Uit rampspoed geboren: hoe overstromingen de Waddenzee vormden

De Waddenzee is ontstaan uit een dynamische dans van weer, wind en water. Maar dat proces van vele millennia kreeg meer dan eens een stevige duw van zware overstromingen. Niet in het minst door de inspanningen van de bewoners van de Waddenkust, die zulke catastrofes juist probeerden te voorkomen.

Wat nu de Waddenzee is, heeft zijn oorsprong meer dan 10.000 jaar geleden. Het landijs, dat in de laatste ijstijd was neergelegd, smolt en de zeespiegel steeg. Toen duizenden jaren later die zeespiegelstijging vertraagde, ontstond in Noord-Nederland een dynamisch landschap met zandbanken, slikken en kwelders. Door golven en getijden ontstonden strandwallen en duinen die het gebied afschermden. Daarachter ontwikkelde zich een ondiep waddengebied, waar water en wind hun gang konden gaan.
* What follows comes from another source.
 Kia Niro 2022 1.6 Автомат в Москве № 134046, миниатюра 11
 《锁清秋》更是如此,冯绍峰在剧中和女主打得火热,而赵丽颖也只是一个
Dat veranderde toen mensen het gebied gingen bewonen.

Zij bouwden dijken, terpen en sloten om het land droog te houden. Ook groeven ze veen af, waardoor de bodem daalde. Het zorgde voor grotere risico’s. Want bij zware stormen kon het water hogere niveaus bereiken, omdat het niet langer gelijkmatig over kwelders kon uitwaaieren. Daardoor waren dijkdoorbraken bij storm vaak extra verwoestend: meer water kon immers verder landinwaarts komen.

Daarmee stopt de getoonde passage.